# WHAT THE EXERCISE ASKS
Within the entries below, find each line containing the word "Toyota" and copy it.
======
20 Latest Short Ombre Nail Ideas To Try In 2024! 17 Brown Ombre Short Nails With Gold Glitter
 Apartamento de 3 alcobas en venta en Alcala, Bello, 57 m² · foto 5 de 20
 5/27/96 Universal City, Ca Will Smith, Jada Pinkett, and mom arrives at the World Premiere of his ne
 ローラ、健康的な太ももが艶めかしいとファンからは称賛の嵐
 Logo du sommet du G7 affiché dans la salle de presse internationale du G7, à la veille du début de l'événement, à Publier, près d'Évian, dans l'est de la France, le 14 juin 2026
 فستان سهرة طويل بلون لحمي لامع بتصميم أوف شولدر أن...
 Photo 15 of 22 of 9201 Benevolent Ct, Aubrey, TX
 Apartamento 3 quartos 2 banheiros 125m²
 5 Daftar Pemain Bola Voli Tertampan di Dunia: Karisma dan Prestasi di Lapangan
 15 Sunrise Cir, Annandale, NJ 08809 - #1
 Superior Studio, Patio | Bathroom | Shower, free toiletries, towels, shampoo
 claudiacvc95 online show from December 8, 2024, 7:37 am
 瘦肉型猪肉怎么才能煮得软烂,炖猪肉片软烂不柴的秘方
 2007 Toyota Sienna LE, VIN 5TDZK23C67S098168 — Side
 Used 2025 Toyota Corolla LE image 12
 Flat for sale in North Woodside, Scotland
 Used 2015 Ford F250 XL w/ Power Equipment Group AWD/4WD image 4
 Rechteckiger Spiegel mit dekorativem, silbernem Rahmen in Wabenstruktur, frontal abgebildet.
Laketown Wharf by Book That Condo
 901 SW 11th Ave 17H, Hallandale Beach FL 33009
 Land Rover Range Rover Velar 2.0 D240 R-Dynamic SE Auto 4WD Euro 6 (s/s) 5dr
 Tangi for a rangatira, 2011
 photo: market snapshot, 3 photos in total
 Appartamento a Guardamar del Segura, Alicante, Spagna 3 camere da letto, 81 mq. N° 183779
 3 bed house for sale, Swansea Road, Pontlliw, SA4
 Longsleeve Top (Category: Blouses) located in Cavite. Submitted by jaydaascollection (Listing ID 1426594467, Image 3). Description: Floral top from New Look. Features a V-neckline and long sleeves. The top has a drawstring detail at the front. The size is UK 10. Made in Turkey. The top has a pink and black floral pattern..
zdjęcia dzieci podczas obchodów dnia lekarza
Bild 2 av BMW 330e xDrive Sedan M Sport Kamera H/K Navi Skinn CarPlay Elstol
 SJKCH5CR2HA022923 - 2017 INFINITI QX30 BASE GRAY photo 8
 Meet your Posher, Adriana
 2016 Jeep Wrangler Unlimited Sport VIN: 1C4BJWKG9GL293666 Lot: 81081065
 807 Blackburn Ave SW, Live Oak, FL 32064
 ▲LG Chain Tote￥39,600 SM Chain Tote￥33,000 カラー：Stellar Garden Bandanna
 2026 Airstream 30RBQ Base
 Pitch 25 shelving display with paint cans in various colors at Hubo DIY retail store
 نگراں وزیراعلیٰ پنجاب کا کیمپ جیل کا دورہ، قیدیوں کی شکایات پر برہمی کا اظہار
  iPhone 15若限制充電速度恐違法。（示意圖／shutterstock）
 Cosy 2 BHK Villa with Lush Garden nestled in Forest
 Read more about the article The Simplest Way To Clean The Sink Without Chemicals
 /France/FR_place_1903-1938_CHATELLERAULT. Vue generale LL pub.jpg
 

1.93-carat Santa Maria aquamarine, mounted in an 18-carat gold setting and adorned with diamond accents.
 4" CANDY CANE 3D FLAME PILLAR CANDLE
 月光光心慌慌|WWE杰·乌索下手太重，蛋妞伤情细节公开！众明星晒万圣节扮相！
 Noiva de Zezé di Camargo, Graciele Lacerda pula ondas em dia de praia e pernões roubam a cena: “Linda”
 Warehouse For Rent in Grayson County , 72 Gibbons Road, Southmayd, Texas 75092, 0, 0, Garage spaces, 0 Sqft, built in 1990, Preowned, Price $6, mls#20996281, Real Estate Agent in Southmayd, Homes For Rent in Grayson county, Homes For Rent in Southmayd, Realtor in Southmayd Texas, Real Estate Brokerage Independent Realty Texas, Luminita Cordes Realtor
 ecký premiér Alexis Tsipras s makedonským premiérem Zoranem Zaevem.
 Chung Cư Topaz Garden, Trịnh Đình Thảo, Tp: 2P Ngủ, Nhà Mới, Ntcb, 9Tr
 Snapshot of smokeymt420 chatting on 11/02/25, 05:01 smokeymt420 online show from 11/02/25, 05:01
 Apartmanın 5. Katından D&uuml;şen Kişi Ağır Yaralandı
======
# OUTPUT BELOW
 2007 Toyota Sienna LE, VIN 5TDZK23C67S098168 — Side
 Used 2025 Toyota Corolla LE image 12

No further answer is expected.